┌──

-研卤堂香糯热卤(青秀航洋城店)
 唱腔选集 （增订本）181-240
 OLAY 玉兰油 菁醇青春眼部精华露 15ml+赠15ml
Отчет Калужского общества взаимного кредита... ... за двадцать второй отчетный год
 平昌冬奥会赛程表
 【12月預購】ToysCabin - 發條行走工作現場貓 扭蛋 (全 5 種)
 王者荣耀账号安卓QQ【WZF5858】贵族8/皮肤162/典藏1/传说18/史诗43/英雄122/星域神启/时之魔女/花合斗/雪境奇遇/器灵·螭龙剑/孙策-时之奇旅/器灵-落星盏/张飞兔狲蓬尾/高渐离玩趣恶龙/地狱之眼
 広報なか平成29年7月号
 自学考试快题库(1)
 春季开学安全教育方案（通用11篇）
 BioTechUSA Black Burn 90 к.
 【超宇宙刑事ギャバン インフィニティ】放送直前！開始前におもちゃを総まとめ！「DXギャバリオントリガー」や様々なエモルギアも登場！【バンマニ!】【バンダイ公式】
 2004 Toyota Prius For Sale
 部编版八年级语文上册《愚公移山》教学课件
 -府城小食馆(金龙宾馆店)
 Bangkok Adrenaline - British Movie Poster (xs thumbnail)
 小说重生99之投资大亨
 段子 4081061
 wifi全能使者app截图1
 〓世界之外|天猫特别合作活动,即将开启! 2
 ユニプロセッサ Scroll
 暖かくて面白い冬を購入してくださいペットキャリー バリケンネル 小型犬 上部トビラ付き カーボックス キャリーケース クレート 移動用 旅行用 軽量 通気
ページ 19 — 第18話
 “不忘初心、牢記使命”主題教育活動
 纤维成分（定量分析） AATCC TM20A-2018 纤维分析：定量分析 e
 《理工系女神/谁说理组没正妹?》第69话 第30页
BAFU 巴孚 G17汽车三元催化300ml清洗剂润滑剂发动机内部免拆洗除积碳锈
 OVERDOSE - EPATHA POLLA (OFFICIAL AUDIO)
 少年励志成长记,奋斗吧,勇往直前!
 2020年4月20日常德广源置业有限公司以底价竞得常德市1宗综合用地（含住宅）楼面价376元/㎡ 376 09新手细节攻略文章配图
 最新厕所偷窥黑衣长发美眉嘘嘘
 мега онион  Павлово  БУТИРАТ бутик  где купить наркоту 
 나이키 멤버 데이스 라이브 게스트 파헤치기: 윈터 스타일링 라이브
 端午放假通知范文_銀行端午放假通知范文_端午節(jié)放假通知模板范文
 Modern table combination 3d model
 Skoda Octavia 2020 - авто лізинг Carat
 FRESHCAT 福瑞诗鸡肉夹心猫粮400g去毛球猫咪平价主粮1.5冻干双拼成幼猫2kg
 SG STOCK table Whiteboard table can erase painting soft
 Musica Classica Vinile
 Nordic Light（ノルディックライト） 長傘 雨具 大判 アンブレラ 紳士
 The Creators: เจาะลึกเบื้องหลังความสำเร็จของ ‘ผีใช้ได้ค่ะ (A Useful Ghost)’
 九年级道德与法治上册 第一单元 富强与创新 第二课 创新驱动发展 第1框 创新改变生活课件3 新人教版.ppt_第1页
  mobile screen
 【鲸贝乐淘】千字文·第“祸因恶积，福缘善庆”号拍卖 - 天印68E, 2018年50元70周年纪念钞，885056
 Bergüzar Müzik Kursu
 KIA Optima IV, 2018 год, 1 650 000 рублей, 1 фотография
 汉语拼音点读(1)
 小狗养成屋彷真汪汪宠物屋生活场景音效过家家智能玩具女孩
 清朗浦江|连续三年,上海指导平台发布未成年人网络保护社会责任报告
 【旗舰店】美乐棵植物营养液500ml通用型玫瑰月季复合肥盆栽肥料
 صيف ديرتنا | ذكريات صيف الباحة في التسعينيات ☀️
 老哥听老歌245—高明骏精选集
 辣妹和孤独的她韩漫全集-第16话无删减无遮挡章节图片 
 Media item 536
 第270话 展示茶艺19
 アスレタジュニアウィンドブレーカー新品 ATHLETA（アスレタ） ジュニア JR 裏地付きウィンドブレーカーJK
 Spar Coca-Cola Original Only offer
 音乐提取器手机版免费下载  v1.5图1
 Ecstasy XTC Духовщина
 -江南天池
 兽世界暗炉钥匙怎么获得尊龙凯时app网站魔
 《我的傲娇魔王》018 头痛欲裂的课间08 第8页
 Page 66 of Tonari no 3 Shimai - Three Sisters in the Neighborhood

└──

- [About this task]: Word for word, copy the line containing "Bergüzar Müzik Kursu" and each line after it to the end of the records, and nothing besides.

- [Answer section]:
 Bergüzar Müzik Kursu
 KIA Optima IV, 2018 год, 1 650 000 рублей, 1 фотография
 汉语拼音点读(1)
 小狗养成屋彷真汪汪宠物屋生活场景音效过家家智能玩具女孩
 清朗浦江|连续三年,上海指导平台发布未成年人网络保护社会责任报告
 【旗舰店】美乐棵植物营养液500ml通用型玫瑰月季复合肥盆栽肥料
 صيف ديرتنا | ذكريات صيف الباحة في التسعينيات ☀️
 老哥听老歌245—高明骏精选集
 辣妹和孤独的她韩漫全集-第16话无删减无遮挡章节图片 
 Media item 536
 第270话 展示茶艺19
 アスレタジュニアウィンドブレーカー新品 ATHLETA（アスレタ） ジュニア JR 裏地付きウィンドブレーカーJK
 Spar Coca-Cola Original Only offer
 音乐提取器手机版免费下载  v1.5图1
 Ecstasy XTC Духовщина
 -江南天池
 兽世界暗炉钥匙怎么获得尊龙凯时app网站魔
 《我的傲娇魔王》018 头痛欲裂的课间08 第8页
 Page 66 of Tonari no 3 Shimai - Three Sisters in the Neighborhood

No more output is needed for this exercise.